Su redondez no es la más perfecta. Los niños juegan en terrenos áridos, fértiles, arenosos o llenos de maleza, pero cualquier superficie plana sirve. Los postes de las porterías pueden ser de caoba o de restos de madera que las corrientes marinas o fluviales llevan a las playas. Algunos juegan descalzos, otros llevan zapatillas desgastadas, botas o sandalias de goma. Pero a pesar de todo, son muy hábiles chutando y persiguiendo balones asimétricos hechos a mano, compitiendo con orgullo y alegría, por el mero placer de jugar. ¿Acaso el "juego bonito" puede ser más bonito?
Jessica Hilltout cree que no. En 2010, cuando la Copa del Mundo se jugó por primera vez en África, esta fotógrafa afincada en Bélgica se propuso ver cómo era el fútbol lejos de los focos y los grandes estadios. Lo que descubrió, a lo largo de siete meses y 20.000 kilómetros recorridos por diez países, fue un deporte de base en el que la pasión de sus participantes triunfa sobre la pobreza, un juego con una ética propia en el que un balón puede "llenar de felicidad a toda una aldea".
La fotógrafa descubrió un deporte de base en el que la pasión de sus participantes triunfa sobre la pobreza
En la treintena de localidades que visitó, desde Sudáfrica hasta Costa de Marfil, los balones se hacen con lo que hay a mano: trapos o calcetines, neumáticos o corteza de árbol, bolsas de plástico o condones inflados. Pueden durar días o meses botando sobre campos de gravilla o de tierra.
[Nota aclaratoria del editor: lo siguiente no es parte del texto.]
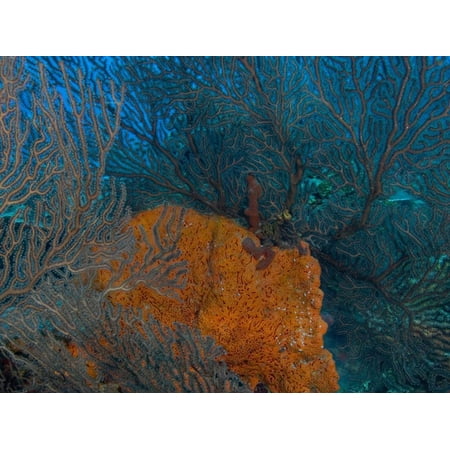 Preserved Sea Fan Deep Water Sea Fan and Encrusting Orange Sponge, Hol Chan Marine Preserve, Barrier Reef, Belize Print Wall Art By Stuart Westmoreland ()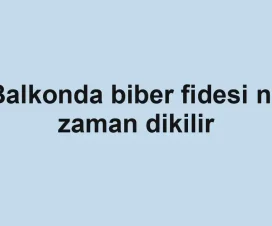 Balkonda biber fidesi ne zaman dikilir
Allí donde se presentaba, Hilltout intercambiaba los balones comprados en tiendas que guardaba en su coche por estas "pequeñas joyas del ingenio", la mayoría de las cuales eran obra de niños.
Un deporte para el progreso
La historia del fútbol en África viene de antiguo, dice Peter Alegi, escritor y profesor de historia en la Universidad Estatal de Michigan. En 1862, un año antes de que se codificaran en Londres las reglas internacionales de este deporte, ya se jugaron partidos en Ciudad de El Cabo y en Port Elizabeth. Después, el juego se abrió camino por todo el continente africano de la mano del colonialismo, difundido por soldados, comerciantes, líneas férreas y escuelas misioneras. La población local lo adoptó rápidamente y cada región le imprimió su estilo propio. Desde entonces, el fútbol no ha dejado de prosperar en África.
En los últimos cien años los futbolistas africanos han ido engrosando las filas de este deporte global. A medida que los países se han ido urbanizando e independizando, también han ido incorporándose a la FIFA y compitiendo en los campeonatos mundiales. Actualmente hay miles de "escuelas" de fútbol (algunas acreditadas, otras no) que reclutan a muchachos de las ciudades, pueblos y aldeas remotas, donde las condiciones de juego exigen dureza, atrevimiento, control del balón e improvisación. Solo unos pocos elegidos son fichados en Europa o en su selección nacional; la gran mayoría no llega al nivel profesional.
"La mayoría de los clubs no permiten jugar a los chavales si no van al colegio. Hacemos lo posible por formar a los jóvenes y hacerlos socialmente responsables"
Pero ese no es el objetivo del "juego bruto" que se practica en las zonas del interior, apunta Abubakari Abdul-Ganiyu, un profesor que supervisa los clubs de Tamale (Ghana). "Es la pasión de todos nosotros –dice–. Es algo que nos satisface y nos une. Cuando hay un partido, dejamos de lado nuestras disputas." Y añade: "La mayoría de los clubs no permiten jugar a los chavales si no van al colegio. Hacemos lo posible por formar a los jóvenes y hacerlos socialmente responsables. Por eso, para nosotros el fútbol es también una herramienta para la esperanza".
Hilltout coincide con él. "El fútbol es el deporte más democrático del mundo. Es asequible a todos. La gente que conocí hace mucho con muy poco. Es fácil ver uno de esos balones andrajosos y sentir tristeza. Mi propósito es que al ver ese balón, uno se sienta dichoso."